The time is right to do away with the tied and independent labels which confuse the public and bring in the specialists
The polarisation debate is hardly heated – in fact, it is hardly a debate at all. The consensus is that the so-called white labelling of products has its appeal and that multi-tied sounds like a bad idea so it follows that the IFA is likely to survive in its current form and so, therefore, will the tied agent.
That will probably turn out to be disappointing for everyone when this latest chapter of the financial services story is re-read and analysed.
One particular section of this debate has gone unheard. That is the small band of professionals who ask the question that dares not be considered: Do we need polarisation at all?
It actually does not matter whether you are talking about the pension misselling era, the so-called endowment scandal or even the Isa debacle, the facts are plain – most of the problems were evenly spread across the polarisation spectrum. This is the whole point. It is a general problem of levels of expertise rather than anything else.
For example, if you are a close follower of industry developments or maybe even a compliance officer, CP28 will be a familiar reference to you. It is, in simple terms, an opportunity for the regulators to redefine how fund recommendations are made to clients by advisers.
Why is it necessary? Well, recent research by Scottish Value Management sugg-ests that fund selection is generally based on five criteria. These include the organisation's brand, the relationship the adviser has with the provider, the people involved and their investment management process.
Yet 50 per cent of the decision comes down wholly to past performance. This is concerning but fits the current average profile of best advice computer systems which churn out statistics based on exactly that.
Now the FSA hints that past performance may no longer be held up as the Holy Grail of fund selection justification. About time, too.

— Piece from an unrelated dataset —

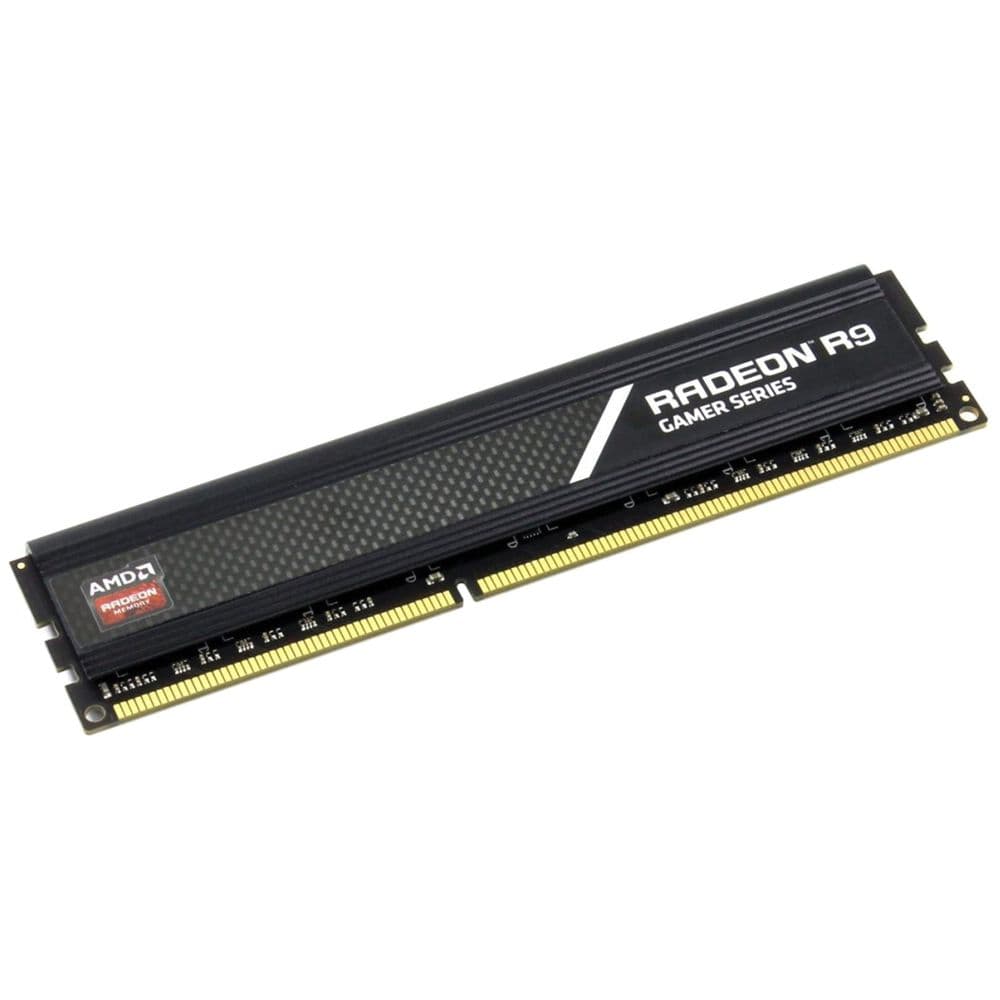 Модуль памяти AMD Radeon™ Gamer Series R944G3206U1S 4GB DDR4 3200 DIMM Heat Shield, Black, Retail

Here is a case in point. At the tail end of 1997 and into early 1998, most investors would be embracing the Warren Buffett school of value management, headed back then by some sterling performance from Perpetual fund management.

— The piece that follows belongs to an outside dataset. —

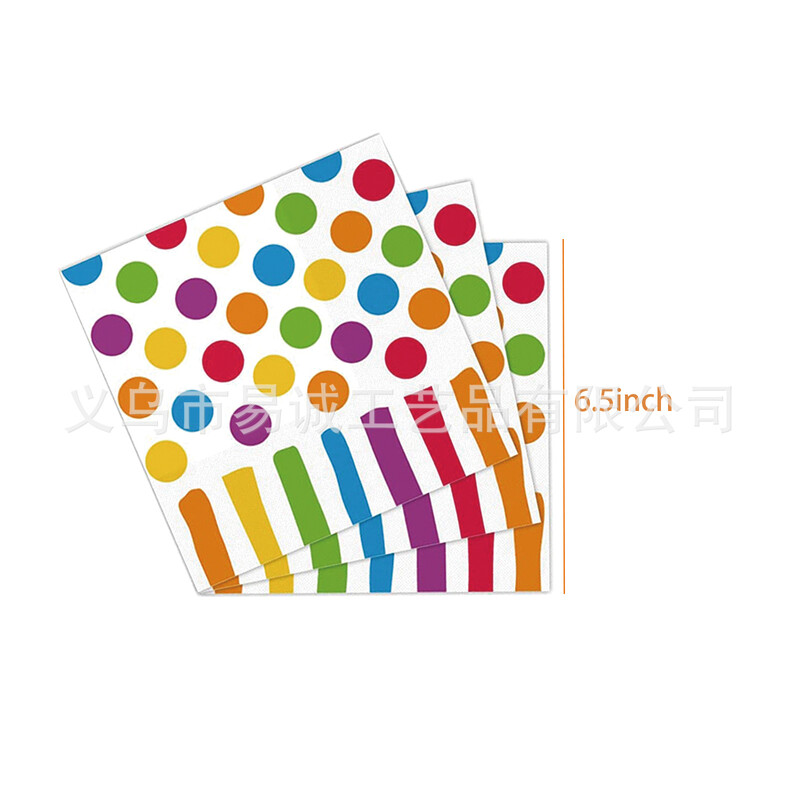 Szivárványparti eldobható evőeszközök Szivárványos csíkos tányérok Szalvéták Csészék Gyerek lányok Boldog szivárvány témájú Születésnapi parti kellékek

Based on past performance, it would have been very hard to choose any other mainstream fund manager at that time. What happened? Value investing died a death and the boom came from TMT and growth stocks generally.
All in all, good performance is never guaranteed to continue although some evidence suggests that bad performance does repeat more consistently. So, surely the point remains whether these changes could have been foreseen? Well, by the trained investment analyst perhaps but that is not the point. The point is that a huge number of IFAs bought the performance story and poured client money into these funds based on the historical picture and the clients subsequently lost out.
The conclusion is clear and obvious – unless you present an argued economic case for the fund choices (outside of the consensus on past performance), you can happily recommend any top-quartile fund without fear of reprisal without even analysing the reasons for that fund's success – at least at the moment as CP28 will change all that.
The polarisation argument falls down badly when in theory an IFA is expected to know every detail of every product from every company in the market and be bang up to date as well.
Tied agents exploit this, understandably, when selling against them. Then there is the consumer champion argument that IFAs tend to go to the company that pays them the most commission. Again, this is hard to totally refute under the current regulation which at least makes it possible for this to happen.
My call is for a radical new way of categorising all advisers. It is time to do away with the expression of tied or independent. Very few members of the public understand them fully anyway.
The introduction of specialists would herald a truly new era for the consumer. Standards could be rigorously tested with closer re-inspection and real CPD it could be based on a minimum of AFPC level and preferably higher. The bog-standard products could remain for basic-level advisers and the direct providers.
This is a relationship business and people will buy from people they like – status is irrelevant to the consumer so it is up to the regulator to protect them from themselves.